Die «Washington Post» zeigte jüngst auch, wie selbst die Firma Apple, die sich vor Jahren den Datenschutz auf die Fahnen geschrieben hat, Anwendungen von Drittanbietern erlaubt, die das Smartphone zum Spion in der Hosentasche machen. Ohne das Wissen oder das Einverständnis der Nutzer übermitteln manche Apps etwa alle fünf Minuten den Standort des Besitzers. Die Betreiber der Programme kooperieren meist mit Google und Facebook, den zwei weltweit führenden Anbietern für Digitalwerbung, und helfen ihnen nachzuvollziehen, wie effektiv die geschaltete Werbung war. «Das sind deine Daten, warum sollten sie jemals dein Handy verlassen?», fragt Patrick Jackson, ein früherer Mitarbeiter des amerikanischen Geheimdienstes NSA, der heute Cheftechnologe bei der Firma Disconnect ist.

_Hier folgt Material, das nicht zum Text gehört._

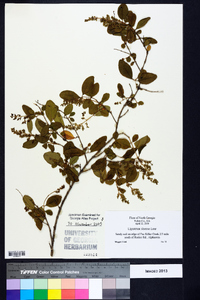 Ligustrum sinense image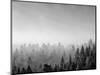 Trees covered with fog in Autumn, Baden Wurttemberg, Germany-Panoramic Images-Mounted Photographic Print
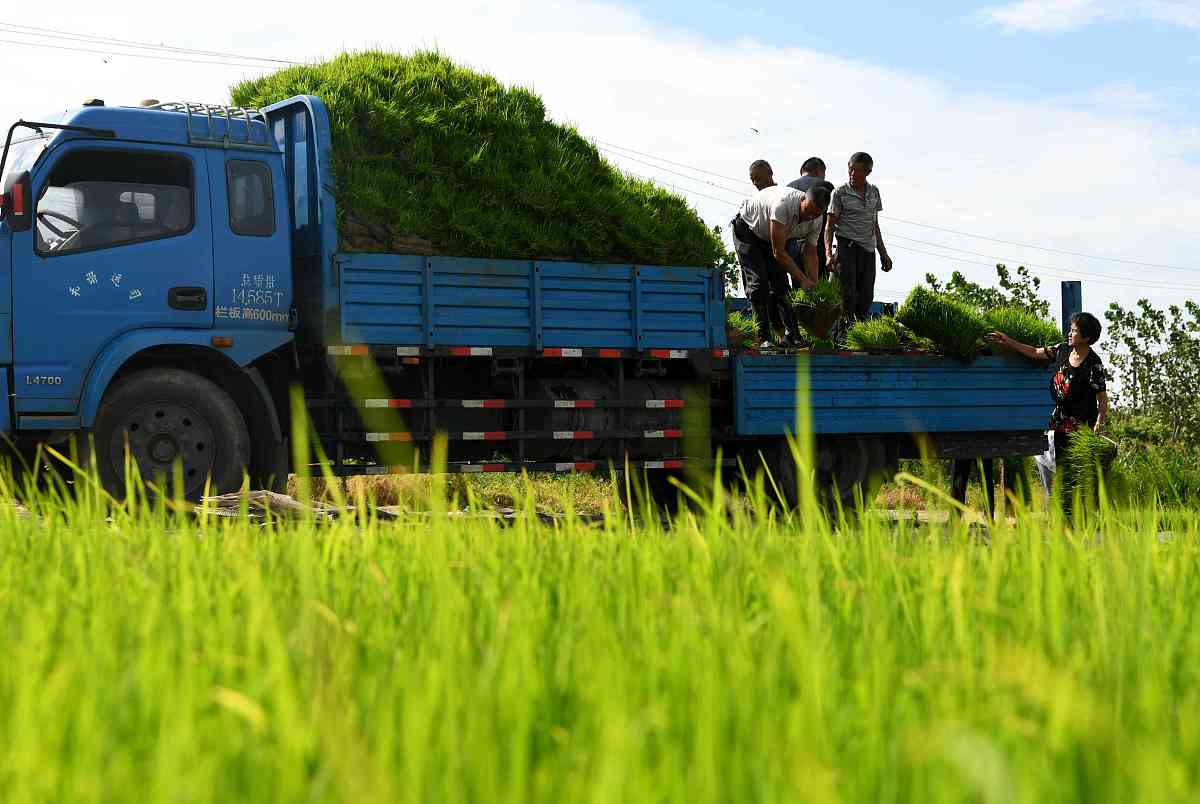 5万元创业好项目：电商、餐饮、美容等热门选择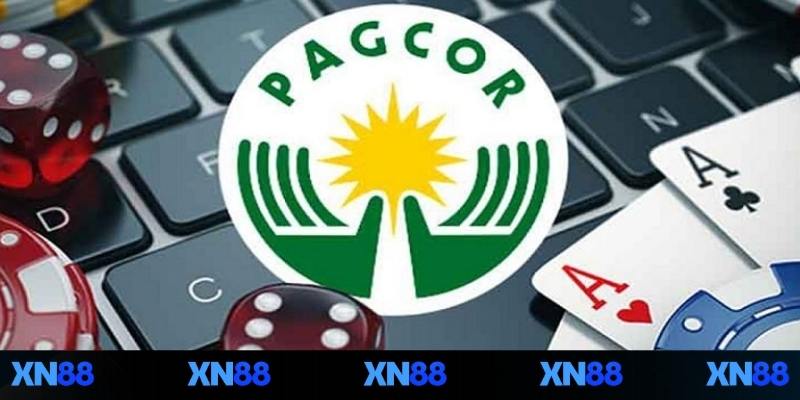 Thông tin cơ bản độc đáo về giấy phép hoạt động nhà cái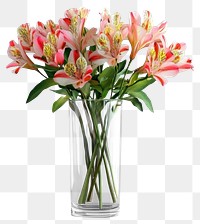 PNG Alstroemeria flowers bouquets alstroemeria green glass.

Diese bietet ein Programm an, das solches Tracking unterdrückt.

Nicht zu vergessen ist auch der Datenmissbrauch durch die Firma Cambridge Analytica, welche die Informationen von 87 Millionen Facebook-Nutzern ohne deren Wissen abgezogen hatte. Der Fall hatte eindrücklich demonstriert, wem solche entwendeten Informationen dienlich sein können – nämlich nicht nur Marketingfirmen, sondern auch Wahlkampfstäben von Politikern wie Donald Trump.